Avocado, Cucumbers, Pesto, Sauce, Parsley, Vegetable salad, Post, Tofu cheese, Avocado salad, Cucumber salad, Jan Prymus, Alexander Kuzmin, Recipes from the chef, Salads

Salad with avocado, tofu and Russian pesto

Ingredients

Servings 5
  • 400 g cucumbers
  • 400 g of tofu
  • 1 avocado
  • 400 g marinated or canned cherry tomatoes
  • 250 ml Russian pesto sauce
  • 1 baguette about 30 cm long
  • 100 ml of olive oil
  • salt to taste
  • 50 g shelled walnuts
  • 25 g parsley leaves
  • 30 g fresh spinach
  • 200 ml of olive oil
  • 10 ml white wine vinegar
  • 1 tsp lime juice
  • salt to taste

Cooking

Step 1

Peel cucumbers and cut into large cubes. Peel the avocado, cut into 4 pieces and lightly fry in olive oil on a grill or pan.
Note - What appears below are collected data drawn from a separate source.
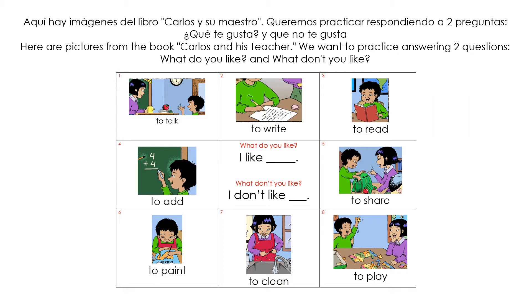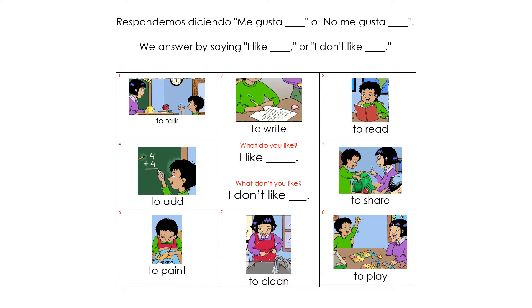We want to practice answering two questions: What do you like? And what don't you like? We answer by saying, I like blank, or I don't like blank.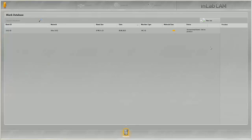These pieces of work can be either designed in the InLab software 15 and imported directly into the InLab CAM software or transferred as STL data from third-party software.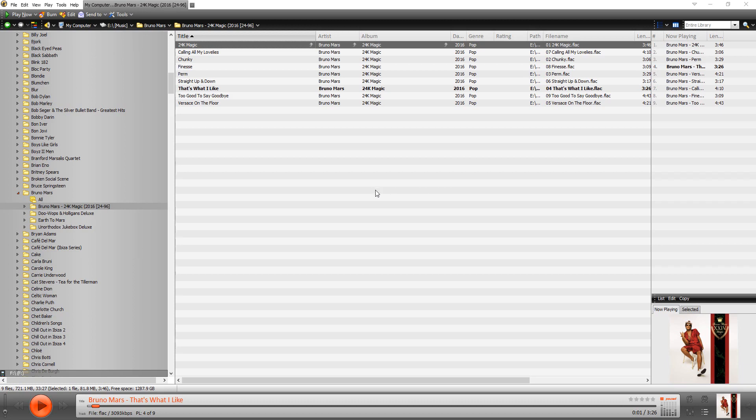So for example, I have my music organized by artist and then within the artist folder I have it by album. So here I have Bruno Mars and I have a couple of the albums here. And I'm in this one and this is kind of the default view.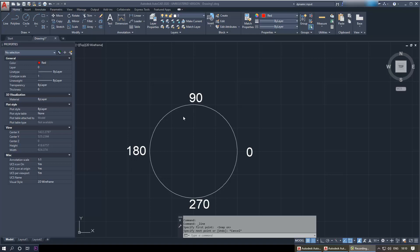Hi everybody, this is WupindaTube with another tutorial on AutoCAD. Today I want to show you how to draw a line at an angle. I will show you the simple way first and then the more traditional way — two different methods.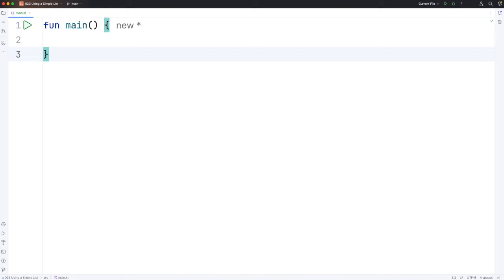Hello, this is John from caveofprogramming.com and in this video we're going to take a look at simple list usage in Kotlin.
Cut into large cubes, like cucumbers. Cut the tofu into similar cubes.

Step 2

In a bowl, combine cucumbers, avocados and pickled cherry tomatoes. Add Russian pesto sauce and tofu. Stir gently.

Step 3

Cut the baguette into 4 parts and dry in a pan or in the oven. Break the toasted baguette into small, uneven pieces and add to the salad bowl.

Step 4

To prepare the Russian pesto sauce, process all sauce ingredients in a blender.